The farm is run by Abierto who lives here with his third wife and his ten children, the youngest of which was born two days ago. El Cencerro is more of a lifestyle block than a working farm, with Shetland ponies, horses, geese, turkeys, chickens, and legions of dogs and their puppies. Each room in the house has an open fire, whitewashed walls, stone floors and comfortable furniture.
Abierto’s daughters set a table outside for us, with wooden chairs and a white linen tablecloth. We drink cabernet and eat empanadas, followed by bread, salad and chicken that Abierto has cooked on the asado. We finish with dulce de leche ice-cream and toasted nuts with coffee. Matt stretches out on the grass with the dogs and falls asleep in the sun.

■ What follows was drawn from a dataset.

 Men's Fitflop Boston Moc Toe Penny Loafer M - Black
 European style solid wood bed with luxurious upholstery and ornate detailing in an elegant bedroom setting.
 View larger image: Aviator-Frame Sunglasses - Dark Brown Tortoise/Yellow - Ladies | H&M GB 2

That night, after soaking in the claw-footed cast-iron bath, we sit beside the fire while the multiplying daughters serve up a meal of Eggplant Parmigiana, Veal Milanese, mashed potato with nutmeg, bread, and baby spinach tossed in oil and balsamic. A bottle of malbec disappears and Abierto puts some more logs on the fire.
There’s mist in the morning, which gradually dissipates under the sun’s glow. Abierto’s son, Miguel, leads us through the paddocks on horseback. My horse lags behind, ignores my kicks, slaps with the bridle and cajoles and sets his own pace, cutting every corner to conserve his patently limited energy. I call him Shortcut.